Needless to say, it was during such moments that ex-Verve guitarist, Simon Tong, looked most comfortable, free from the restraints imposed by Graham Coxon’s intricate riffs, but one still has to tip their hat to the way in which he has applied himself to recreating them live, seldom appearing afraid to dip into a comprehensive back catalogue, and emerging with considerable credit.

Albarn, too, appeared up for it, despite a nightmare train journey (taken on a whim), and the less than supportive sound systems and stage equipment. Always a lively performer, he entered the crowd on a couple of occasions, while also commanding them to get into the spirit of the evening, at various highpoints (such as the obligatory likes of Girls and Boys and Song 2).

Yet this was much more about the quieter stuff, and was, quite possibly, the most restrained I have seen Blur. And while the demands of such an expansive tour have obviously taken their toll, and the Brighton venue isn’t the best in terms of atmosphere and acoustics, they made it one for the connoisseur to really appreciate.

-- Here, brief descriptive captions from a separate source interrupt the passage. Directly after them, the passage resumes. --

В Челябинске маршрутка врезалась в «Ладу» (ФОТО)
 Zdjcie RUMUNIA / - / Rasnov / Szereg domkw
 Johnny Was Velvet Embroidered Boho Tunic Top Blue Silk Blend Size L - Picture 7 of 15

Of the innumerable highlights, a rousing version of We've Got A File On You, as well as the slow-building Trimm Trabb, and the quietly pleasing Good Song, Beetlebum and For Tomorrow served to really give the crowd what they were seeking - a little bit of everything.

The main bulk of the concert may have ended with This Is A Low (from Parklife), but the night, as a whole, provided a number of highs. Blur ensured that 2003 will be remembered as a vintage.